■ **AIM OF THE TASK**: Word for word, print out all of the data, omitting every image.
==== PROVIDED DATA
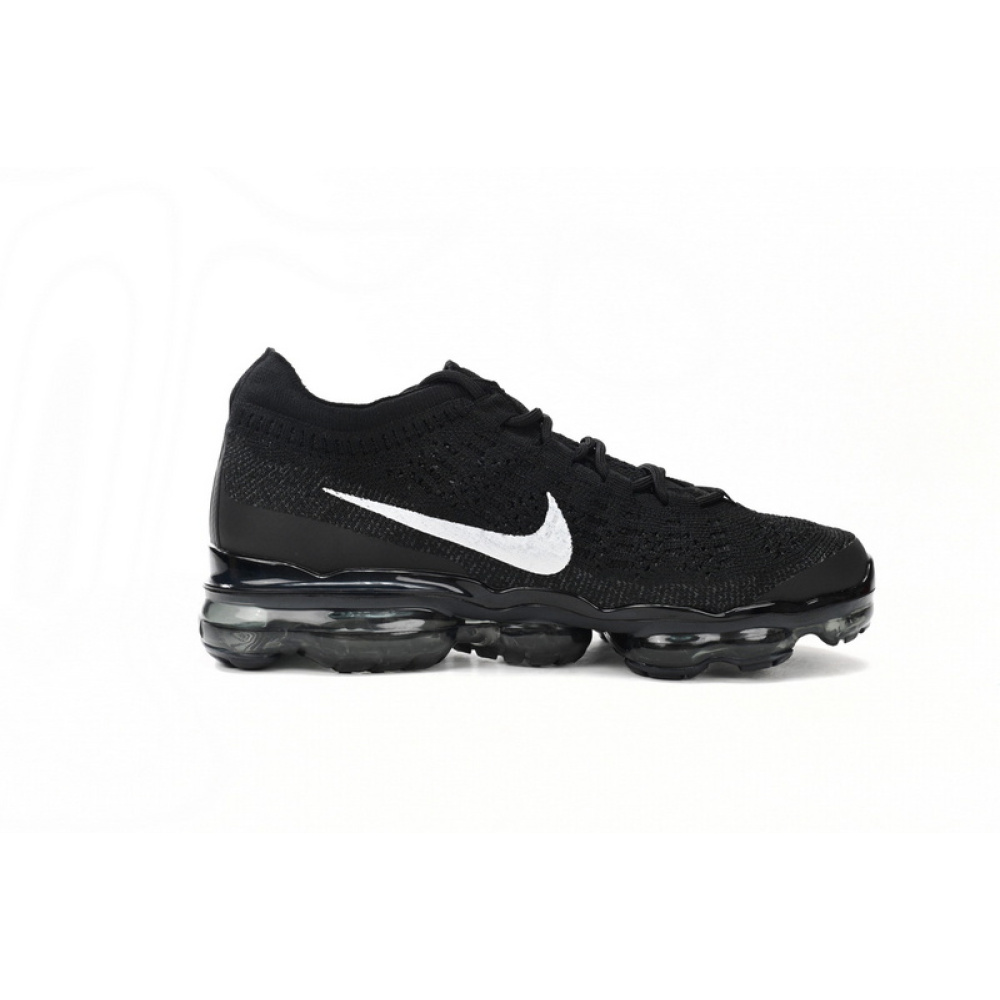 Nike AIR VAPORMAX 2023 FK Black And White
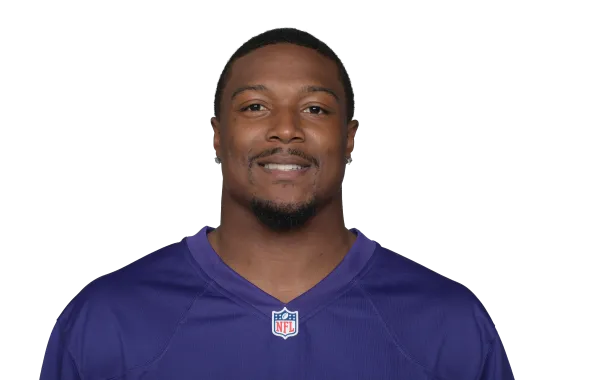 Tony Jefferson headshot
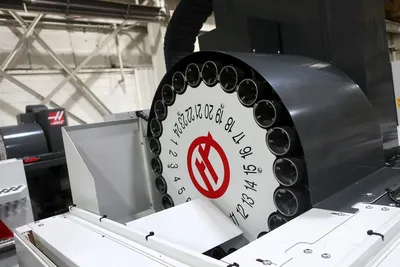 2013 HAAS VF-2SS Vertical Machining Centers CNC | CNC EXCHANGE (9)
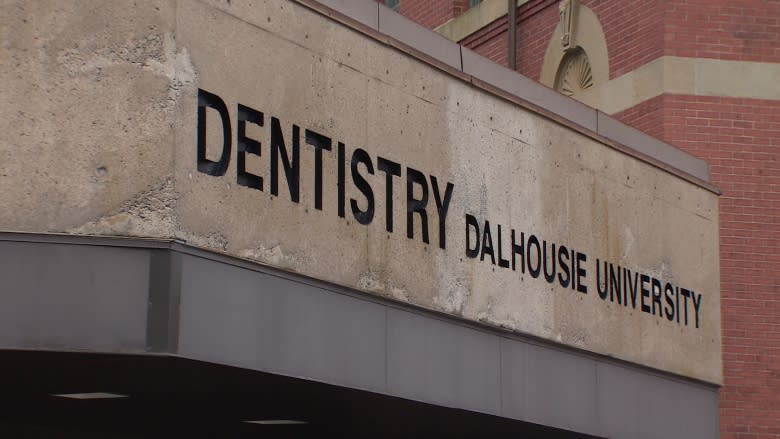 Dalhousie dentistry school's Facebook scandal has cost $650K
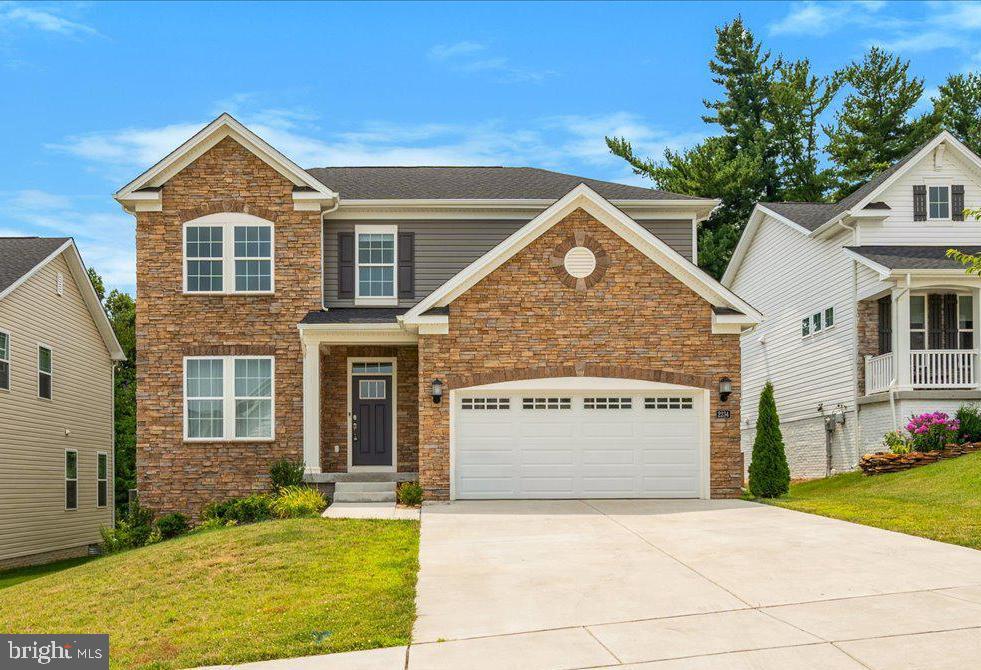 2234 Denali Drive, Frederick, MD, 21702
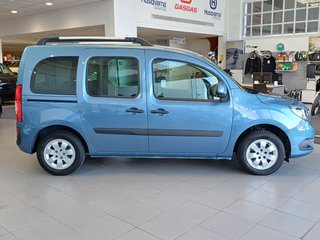 Mercedes-Benz Citan 2019 - CITAN 111 CDI - FURGONE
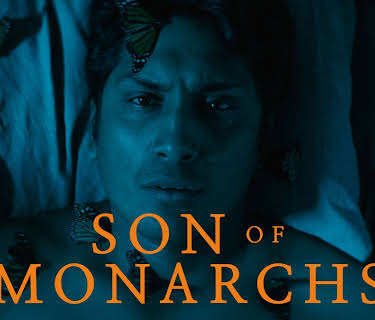 Son of Monarchs (2021)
========
■ **REPLY TO THE TASK**:
 Nike AIR VAPORMAX 2023 FK Black And White
 Tony Jefferson headshot
 2013 HAAS VF-2SS Vertical Machining Centers CNC | CNC EXCHANGE (9)
 Dalhousie dentistry school's Facebook scandal has cost $650K
 2234 Denali Drive, Frederick, MD, 21702
 Mercedes-Benz Citan 2019 - CITAN 111 CDI - FURGONE
 Son of Monarchs (2021)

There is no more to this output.